W Norwegii nie funkcjonuje kara dożywocia, więc Breivik został skazany na 21 lat. Karę odbywa od 2 lat i kolejny już raz poskarżył się na warunki panujące w więzieniu w czterostronicowym, odręcznie napisanym liście przekazanym władzom zakładu karnego. M.in. chciałby mieć nowszą konsolę do gier.
Breivik grozi podjęciem strajku głodowego, jeśli minister sprawiedliwości nie przestanie traktować go "gorzej niż zwierzęcia". - "Jeśli umrę, wszyscy prawicowi ekstremiści w Europie będą dokładnie wiedzieli, kto konkretnie jest za to odpowiedzialny (...) Może to przynieść krótkoterminowe konsekwencje dla osób, które do tego doprowadziły i całej Norwegii, która w ciągu najbliższych kilkunastu, kilkudziesięciu lat będzie miała nowy faszystowski ustrój"- podkreśla w swoim liście.
Sprawca masakry w Oslo i na wyspie Utoya poskarżył się też, że "przechodzi przez piekło", którego nie może już wytrzymać.
22 lipca 2011 r. Breivik dokonał zamachu bombowego w dzielnicy rządowej Oslo, w którym zginęło osiem osób. 69 kolejnych osób - w zdecydowanej większości dzieci i młodzież - zastrzelił na wyspie Utoya, gdzie odbywał się obóz młodzieżówki norweskiej Partii Pracy.
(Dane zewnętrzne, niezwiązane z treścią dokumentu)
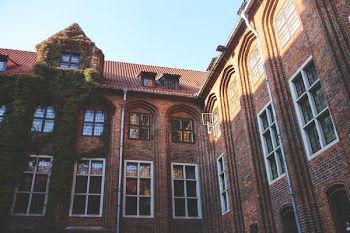 Old brick building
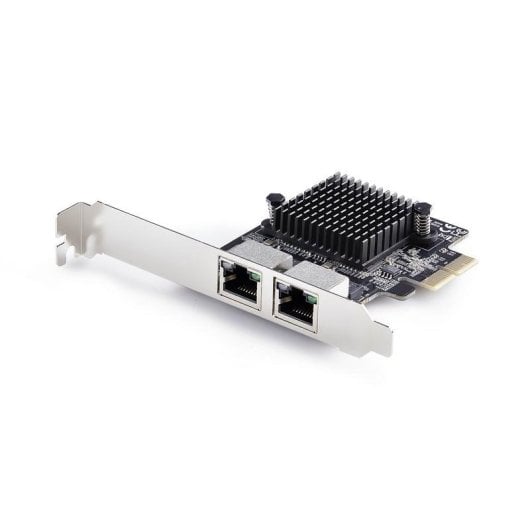 Tarjeta de Red Startech PCI Express 2 Puertos 5 Gbps Realtek RTL8126 Multi-Gigabit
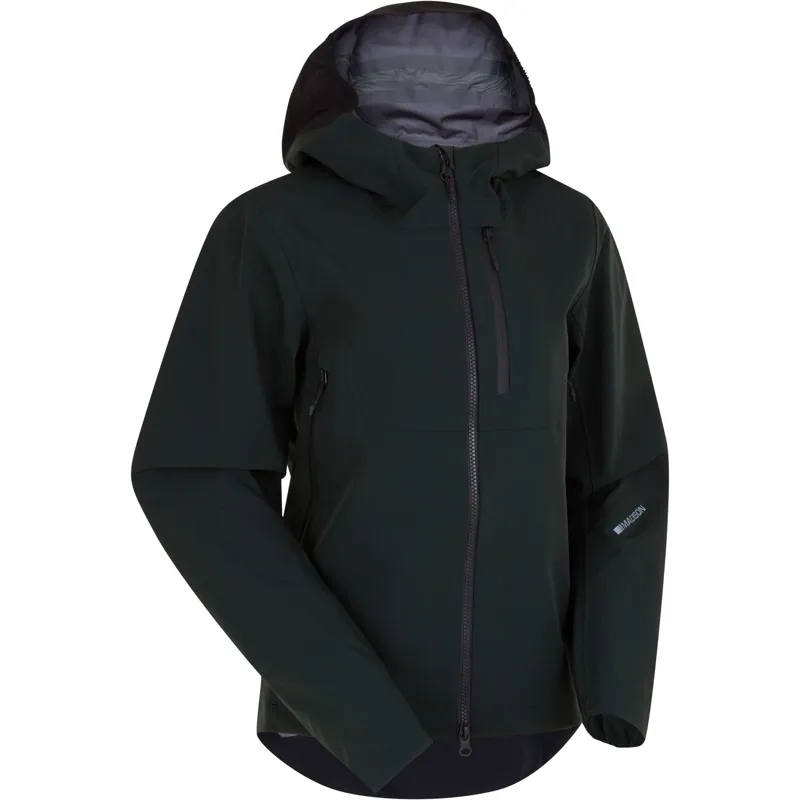 Madison DTE 3-Layer Waterproof Women's Jacket - Forest Green-1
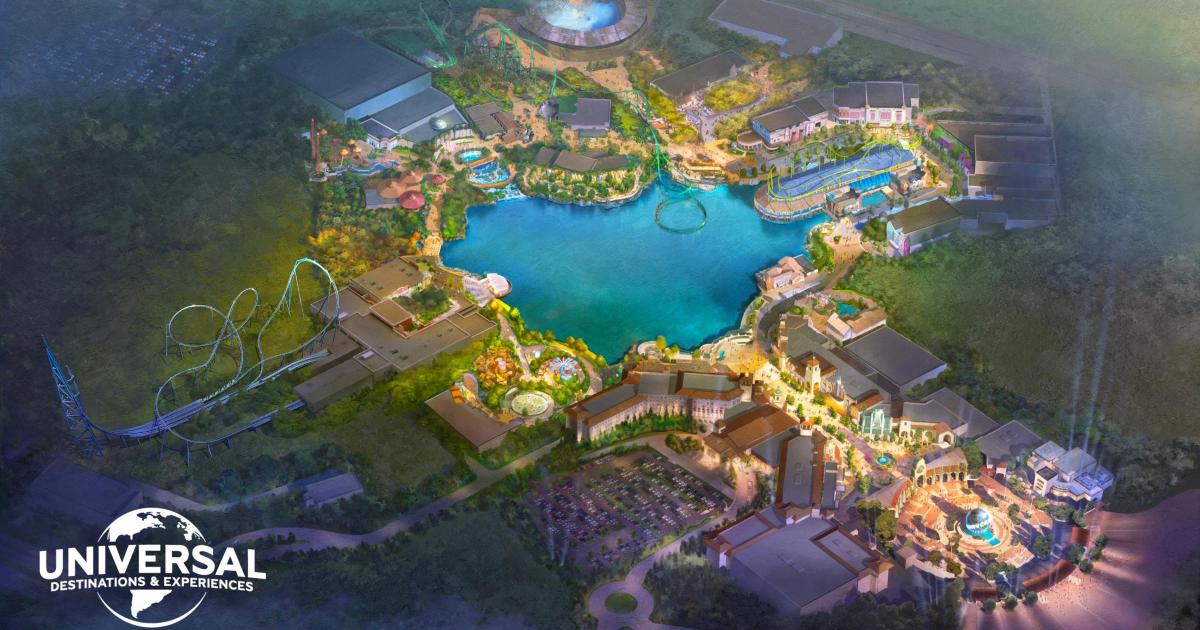 Universal files trademark for UK theme park name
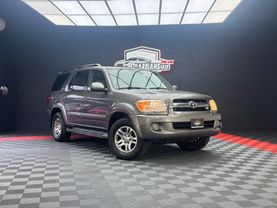 2006 TOYOTA SEQUOIA SUV V8, 4.7 LITER LIMITED SPORT UTILITY 4D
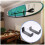 1Pair Hot Surfboard  Mount Rack,Kayak Boat Wall Rack Black 6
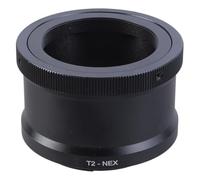 Adaptador T2NEX para cámaras EMount que permite una fijación suave de la lente y convertidores de montaje de lente de funcionamiento manual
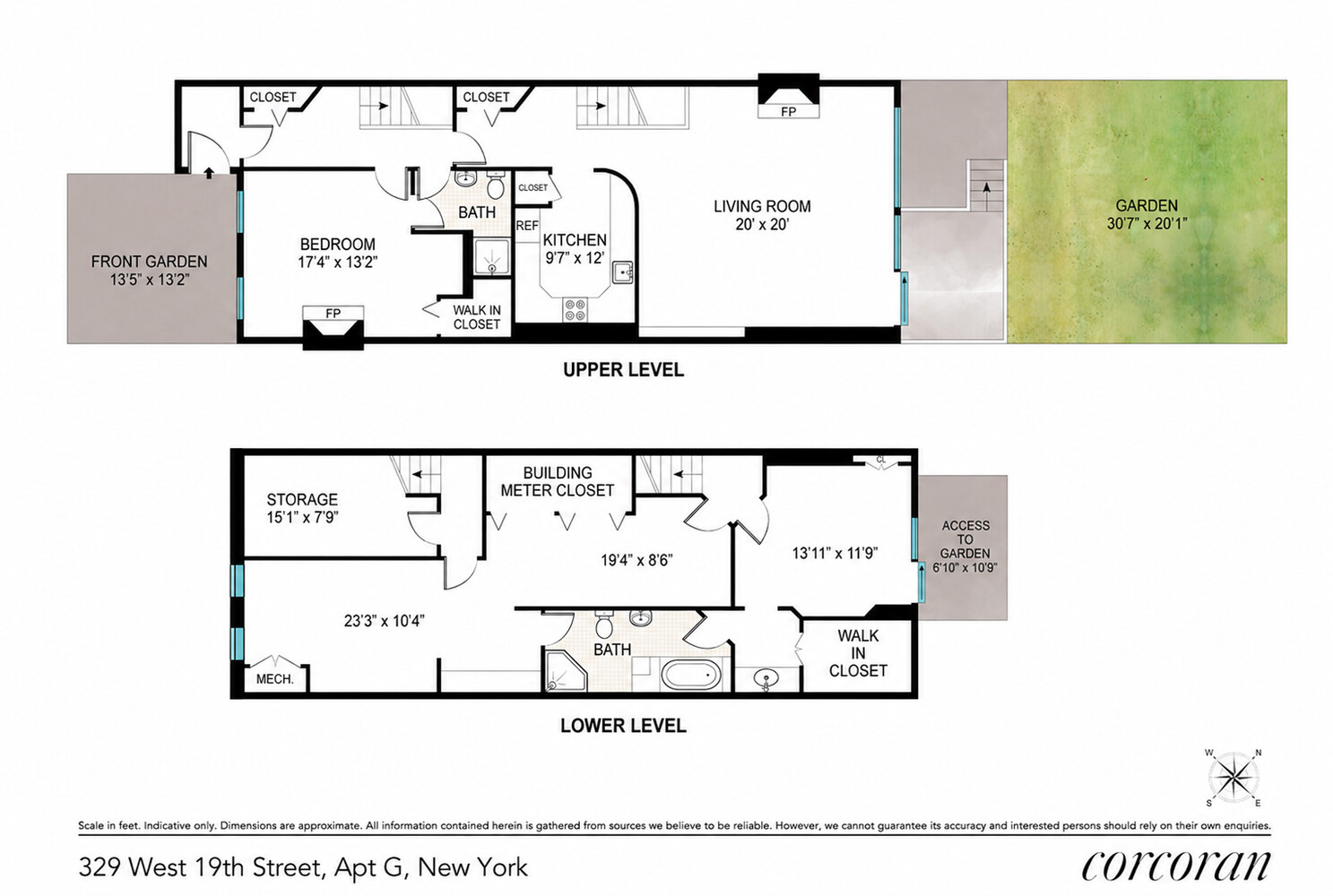 329 West 19th Street G Chelsea New York NY 10011
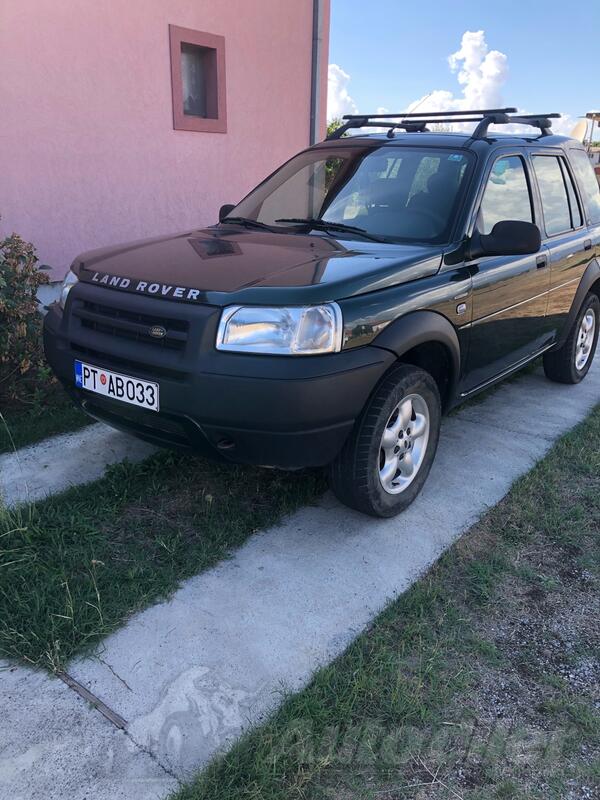 Land Rover - Freelander - 2.0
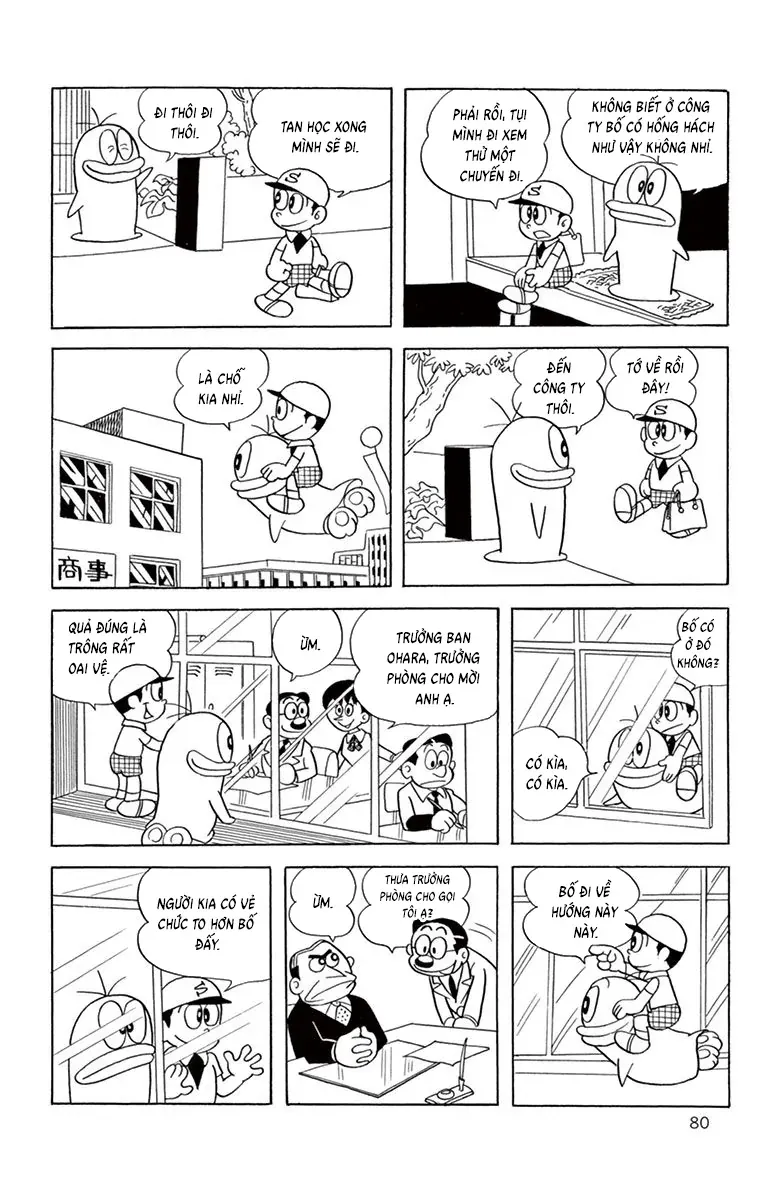 Con Ma Q-Taro Perfect Edition Chap 64 - Next Chap 65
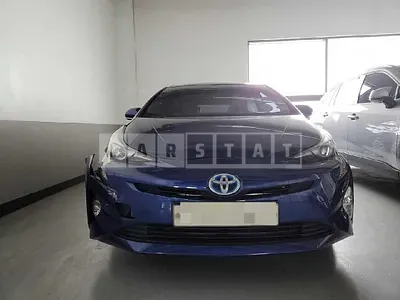 Photo 1 of 25: 2016 Toyota Prius, VIN JTDKBRFU2G3515611 — Korean insurance auction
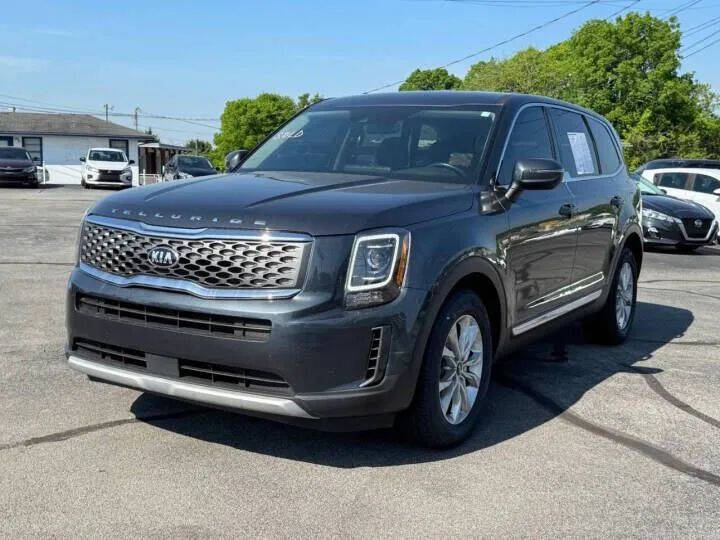 2021 Kia Telluride LX
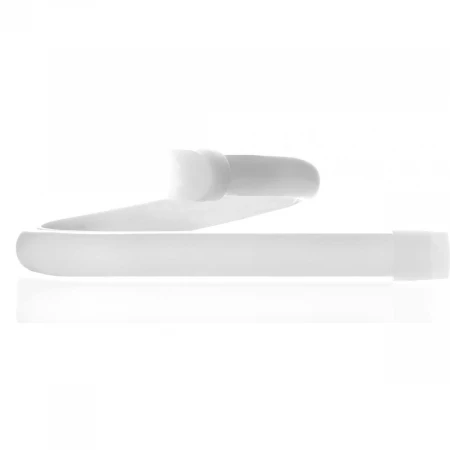 Светодиодный неон NeonLine ELF, фронтальный изгиб ELF-NL-14-front-W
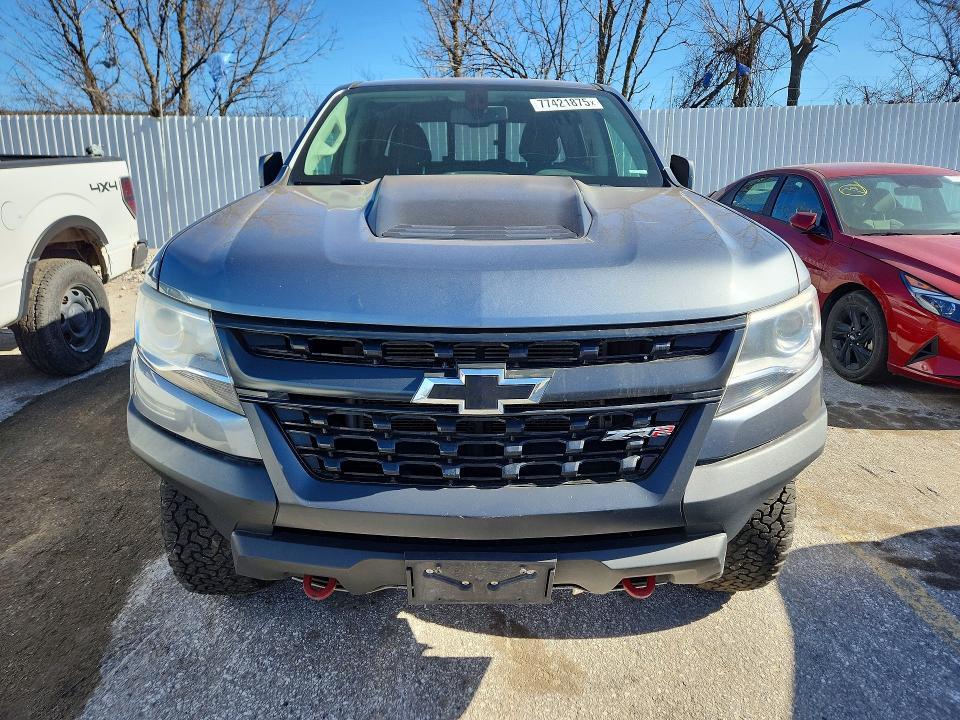 2020 Chevrolet Colorado ZR2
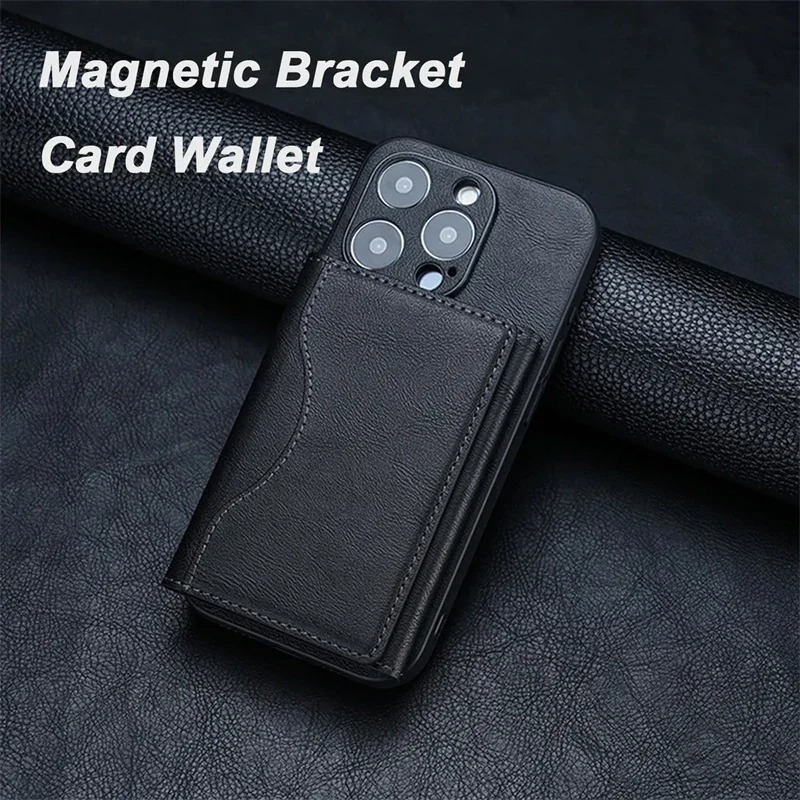 Powerful Magnetic Leather Wall - огляд і ціна Phone Accessories Hippers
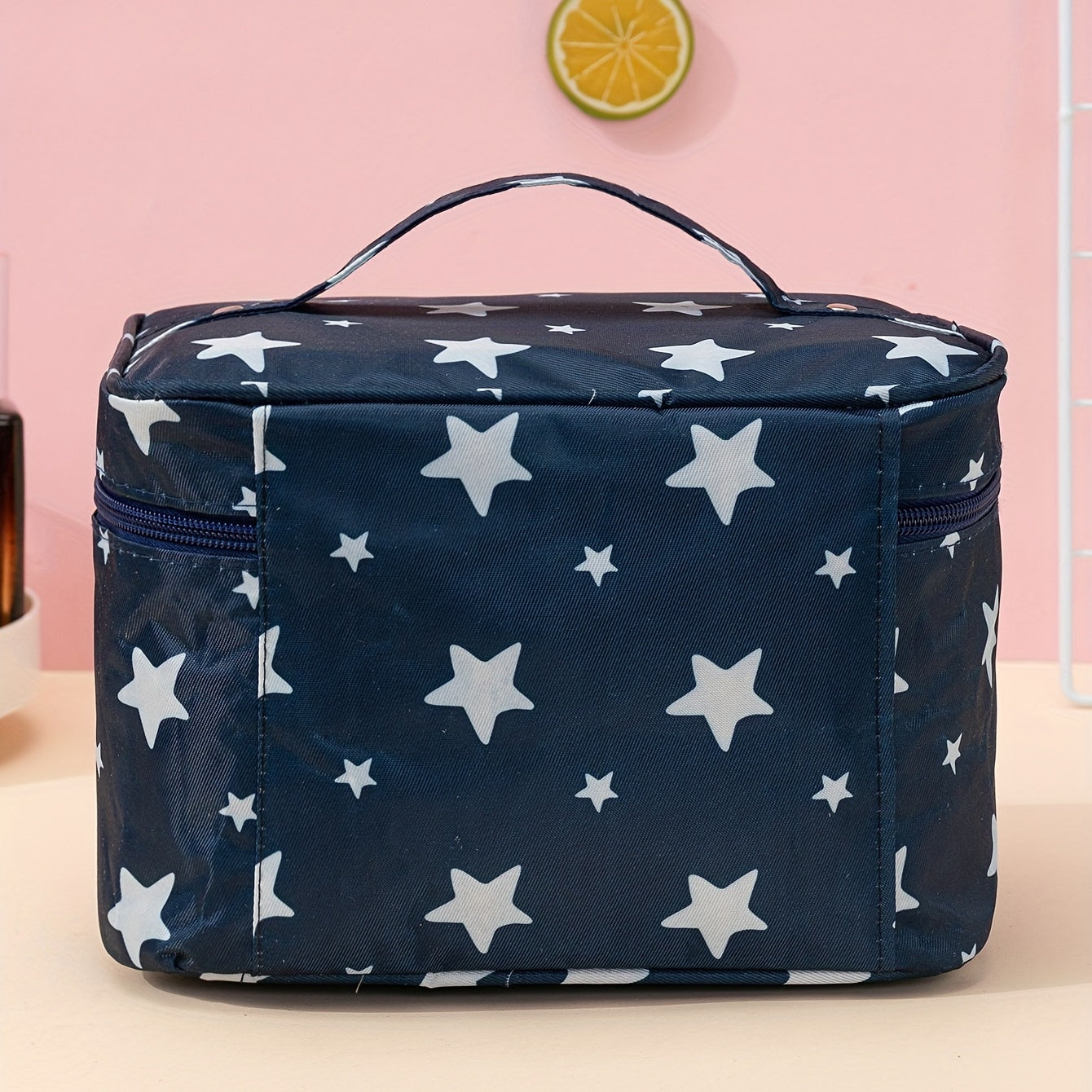 Stars Pattern Travel Toiletry Bag for Women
Nie wyrażał skruchy przed sądem, a swoją zbrodnię argumentował ochroną Norwegii przed "islamizacją i wielokulturowością".
W 2012 r. Breivik został skazany na 21 lat więzienia z możliwością przedłużenia kary, jeśli sąd po tym czasie stwierdzi, że wciąż stanowi zagrożenie.